The following code calls your tree search and graph search version of A* search and prints the results:

In [81]:
envname = "SmallMaze-v0"
environment = gym.make(envname)

solution_ts, time_ts, memory_ts = astar(environment, astar_tree_search)
solution_gs, time_gs, memory_gs = astar(environment, astar_graph_search)

print("\n----------------------------------------------------------------")
print("\tA* TREE SEARCH PROBLEM: ")
print("----------------------------------------------------------------")
print("Solution: {}".format(solution_2_string(solution_ts, environment)))
print("N° of nodes explored: {}".format(time_ts))
print("Max n° of nodes in memory: {}".format(memory_ts))

print("\n----------------------------------------------------------------")
print("\tA* GRAPH SEARCH PROBLEM: ")
print("----------------------------------------------------------------")
print("Solution: {}".format(solution_2_string(solution_gs, environment)))
print("N° of nodes explored: {}".format(time_gs))
print("Max n° of nodes in memory: {}".format(memory_gs))

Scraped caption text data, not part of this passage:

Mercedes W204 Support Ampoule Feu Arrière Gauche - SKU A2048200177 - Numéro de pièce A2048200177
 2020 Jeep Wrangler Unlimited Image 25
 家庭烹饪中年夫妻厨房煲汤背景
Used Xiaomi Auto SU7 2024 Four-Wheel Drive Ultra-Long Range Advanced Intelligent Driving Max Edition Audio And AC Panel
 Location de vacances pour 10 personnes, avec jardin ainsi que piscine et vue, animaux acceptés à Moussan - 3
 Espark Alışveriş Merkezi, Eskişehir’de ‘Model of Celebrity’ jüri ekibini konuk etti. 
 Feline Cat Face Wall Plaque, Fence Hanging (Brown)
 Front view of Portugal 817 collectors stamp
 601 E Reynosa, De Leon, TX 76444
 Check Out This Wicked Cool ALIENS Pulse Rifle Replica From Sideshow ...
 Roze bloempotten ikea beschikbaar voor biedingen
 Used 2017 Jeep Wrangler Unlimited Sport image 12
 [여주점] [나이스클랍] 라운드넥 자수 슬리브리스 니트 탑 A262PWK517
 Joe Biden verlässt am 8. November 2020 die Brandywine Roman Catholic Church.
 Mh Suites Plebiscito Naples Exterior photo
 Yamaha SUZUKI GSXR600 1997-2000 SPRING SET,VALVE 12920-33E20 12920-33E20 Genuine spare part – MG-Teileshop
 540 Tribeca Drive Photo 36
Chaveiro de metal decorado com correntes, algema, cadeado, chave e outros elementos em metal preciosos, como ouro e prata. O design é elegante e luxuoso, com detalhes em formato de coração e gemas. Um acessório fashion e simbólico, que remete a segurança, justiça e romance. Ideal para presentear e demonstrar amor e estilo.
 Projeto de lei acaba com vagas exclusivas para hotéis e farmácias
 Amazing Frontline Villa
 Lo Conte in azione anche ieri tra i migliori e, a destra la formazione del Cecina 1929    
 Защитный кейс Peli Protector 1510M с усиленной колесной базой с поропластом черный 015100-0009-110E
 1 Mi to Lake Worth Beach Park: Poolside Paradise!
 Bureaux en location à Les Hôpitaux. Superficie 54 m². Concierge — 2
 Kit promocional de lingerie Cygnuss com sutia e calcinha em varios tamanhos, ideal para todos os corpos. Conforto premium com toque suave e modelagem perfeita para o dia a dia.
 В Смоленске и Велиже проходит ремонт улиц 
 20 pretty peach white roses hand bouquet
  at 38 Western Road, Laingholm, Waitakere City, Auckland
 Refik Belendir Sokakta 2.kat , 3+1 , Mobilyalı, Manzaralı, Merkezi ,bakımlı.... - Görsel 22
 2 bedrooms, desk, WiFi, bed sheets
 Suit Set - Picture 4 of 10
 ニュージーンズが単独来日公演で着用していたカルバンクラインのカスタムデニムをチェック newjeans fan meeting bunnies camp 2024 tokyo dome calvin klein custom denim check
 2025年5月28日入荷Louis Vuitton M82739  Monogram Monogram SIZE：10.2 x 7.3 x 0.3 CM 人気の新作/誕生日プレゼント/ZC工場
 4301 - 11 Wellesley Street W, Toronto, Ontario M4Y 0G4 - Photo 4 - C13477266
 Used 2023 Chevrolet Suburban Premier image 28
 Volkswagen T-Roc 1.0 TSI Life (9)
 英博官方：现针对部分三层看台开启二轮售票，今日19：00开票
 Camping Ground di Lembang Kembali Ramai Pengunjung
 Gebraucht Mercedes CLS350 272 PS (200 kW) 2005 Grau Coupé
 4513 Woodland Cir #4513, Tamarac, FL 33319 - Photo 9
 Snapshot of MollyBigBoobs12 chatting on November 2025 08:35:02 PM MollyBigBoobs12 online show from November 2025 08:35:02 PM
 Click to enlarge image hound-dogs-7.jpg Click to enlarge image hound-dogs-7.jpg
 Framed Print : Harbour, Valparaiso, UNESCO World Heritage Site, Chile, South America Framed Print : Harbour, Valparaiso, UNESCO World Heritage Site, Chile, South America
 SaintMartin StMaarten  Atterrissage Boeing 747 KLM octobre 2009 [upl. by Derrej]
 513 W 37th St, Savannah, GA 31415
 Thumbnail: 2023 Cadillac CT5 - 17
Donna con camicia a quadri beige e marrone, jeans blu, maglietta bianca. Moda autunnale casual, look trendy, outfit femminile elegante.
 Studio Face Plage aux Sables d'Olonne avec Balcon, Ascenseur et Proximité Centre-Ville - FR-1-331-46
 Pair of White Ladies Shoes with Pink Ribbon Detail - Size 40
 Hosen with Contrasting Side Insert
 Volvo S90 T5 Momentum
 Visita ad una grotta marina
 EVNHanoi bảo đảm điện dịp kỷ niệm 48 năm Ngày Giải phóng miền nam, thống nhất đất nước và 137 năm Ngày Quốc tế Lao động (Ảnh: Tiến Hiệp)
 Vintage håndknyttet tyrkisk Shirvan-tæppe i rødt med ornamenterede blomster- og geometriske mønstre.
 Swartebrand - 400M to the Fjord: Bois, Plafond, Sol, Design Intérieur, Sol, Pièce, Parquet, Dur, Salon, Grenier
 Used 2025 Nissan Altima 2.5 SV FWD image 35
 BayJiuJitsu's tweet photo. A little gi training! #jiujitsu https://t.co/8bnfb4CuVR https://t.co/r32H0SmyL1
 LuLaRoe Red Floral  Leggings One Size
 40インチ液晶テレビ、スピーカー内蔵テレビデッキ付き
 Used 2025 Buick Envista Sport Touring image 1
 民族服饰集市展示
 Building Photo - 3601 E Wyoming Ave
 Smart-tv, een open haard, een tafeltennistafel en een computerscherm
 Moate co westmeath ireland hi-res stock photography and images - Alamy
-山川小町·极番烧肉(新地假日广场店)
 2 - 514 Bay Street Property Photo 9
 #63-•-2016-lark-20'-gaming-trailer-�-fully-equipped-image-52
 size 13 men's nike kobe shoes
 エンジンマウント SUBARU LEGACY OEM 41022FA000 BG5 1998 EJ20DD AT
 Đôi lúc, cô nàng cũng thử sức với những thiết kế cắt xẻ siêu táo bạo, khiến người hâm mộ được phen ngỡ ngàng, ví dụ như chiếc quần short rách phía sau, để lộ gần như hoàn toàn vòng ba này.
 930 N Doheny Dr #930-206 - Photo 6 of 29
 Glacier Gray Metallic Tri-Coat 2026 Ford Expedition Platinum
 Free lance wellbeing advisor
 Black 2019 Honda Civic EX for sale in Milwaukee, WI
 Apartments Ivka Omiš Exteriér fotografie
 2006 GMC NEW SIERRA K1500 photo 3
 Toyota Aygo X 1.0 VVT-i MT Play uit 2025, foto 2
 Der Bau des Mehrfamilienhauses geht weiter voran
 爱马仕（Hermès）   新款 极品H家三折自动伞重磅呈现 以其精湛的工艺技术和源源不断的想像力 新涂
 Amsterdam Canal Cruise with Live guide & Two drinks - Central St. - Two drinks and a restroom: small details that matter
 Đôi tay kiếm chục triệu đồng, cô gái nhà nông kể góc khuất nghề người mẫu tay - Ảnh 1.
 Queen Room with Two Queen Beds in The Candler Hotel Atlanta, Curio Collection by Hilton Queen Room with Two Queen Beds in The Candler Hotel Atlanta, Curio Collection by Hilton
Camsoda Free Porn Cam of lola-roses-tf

----------------------------------------------------------------
	A* TREE SEARCH PROBLEM: 
----------------------------------------------------------------
Solution: time-out
N° of nodes explored: 1000000
Max n° of nodes in memory: 750001

----------------------------------------------------------------
	A* GRAPH SEARCH PROBLEM: 
----------------------------------------------------------------
Solution: [(0, 1), (1, 1), (2, 1), (2, 0), (3, 0), (4, 0), (4, 1), (4, 2), (4, 3)]
N° of nodes explored: 60
Max n° of nodes in memory: 16


Correct results can be found [here](lesson_2_results.txt).

### Discussion
Now that you have correctly implemented both Greedy-best-first and A* what can you say about the solutions they compute? Are there significant differences in the stats? Try to play with other heuristics as well and see if your results change.